> _Problem description_:
Everything from the line with "Used 2025 Jeep Wagoneer 4WD image 19" to the line with "Menores foram detidos" in the listing below, both lines included, needs to be copied exactly, apart from the pictures.

> _Material shown_:
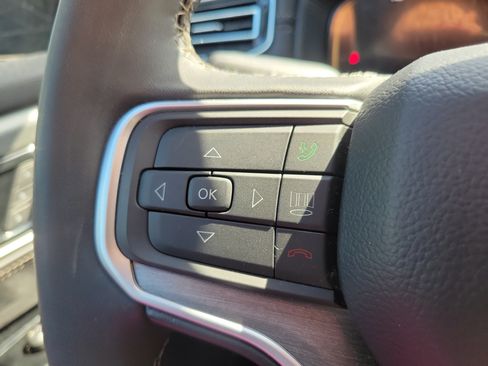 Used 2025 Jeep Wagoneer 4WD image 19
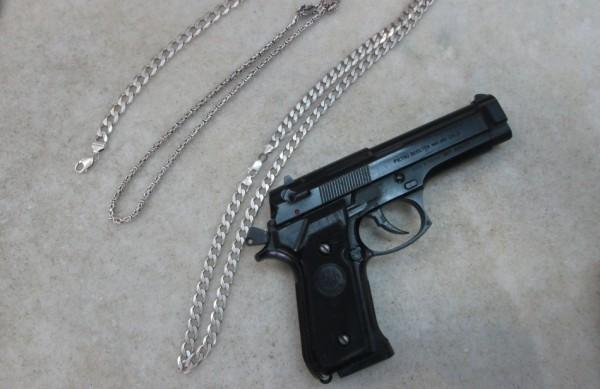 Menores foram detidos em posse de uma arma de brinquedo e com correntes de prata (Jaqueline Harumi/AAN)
* * *
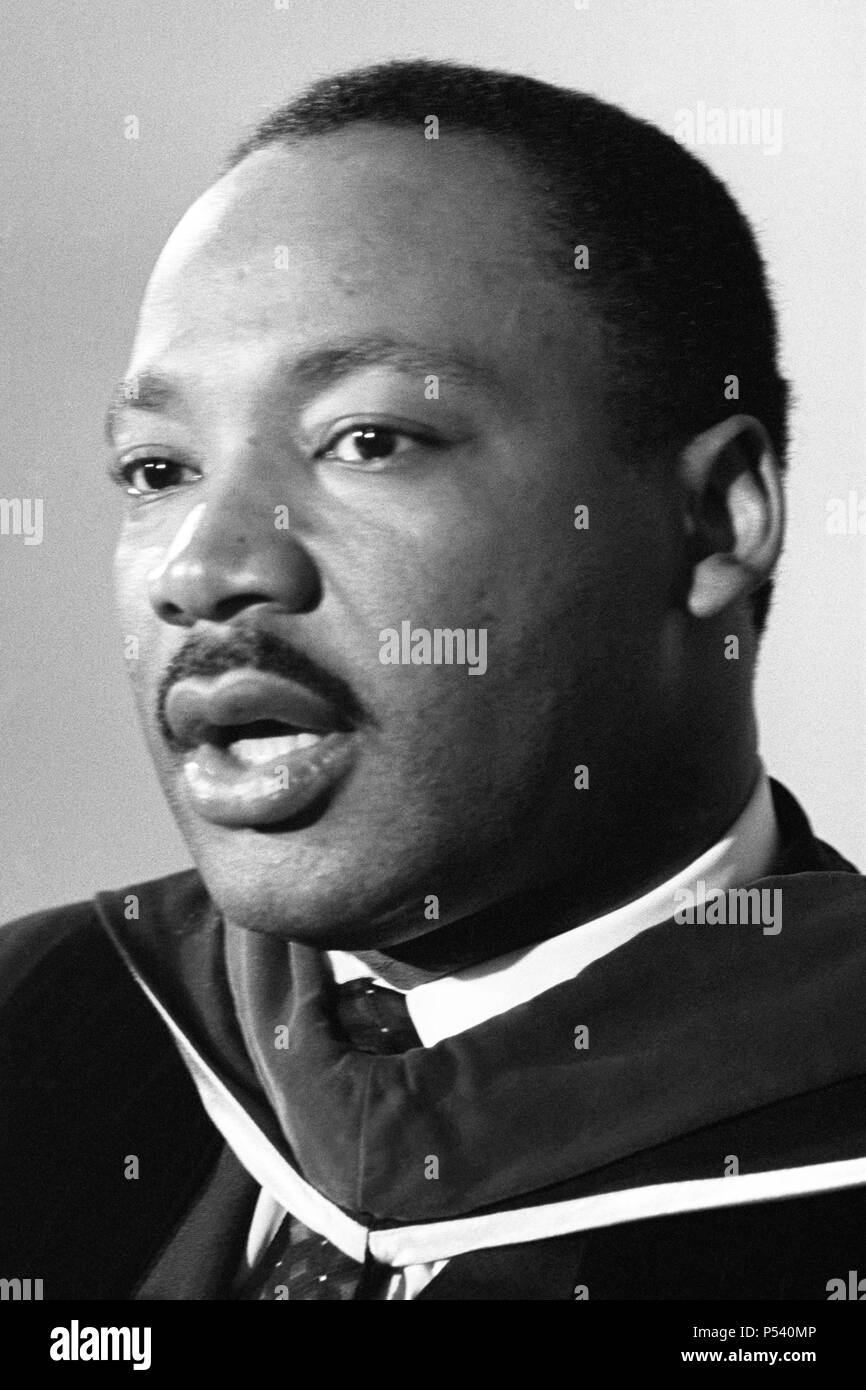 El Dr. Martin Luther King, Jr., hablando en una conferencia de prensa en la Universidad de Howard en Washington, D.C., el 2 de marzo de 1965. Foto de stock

> _Your solution_:
 Used 2025 Jeep Wagoneer 4WD image 19
 Menores foram detidos em posse de uma arma de brinquedo e com correntes de prata (Jaqueline Harumi/AAN)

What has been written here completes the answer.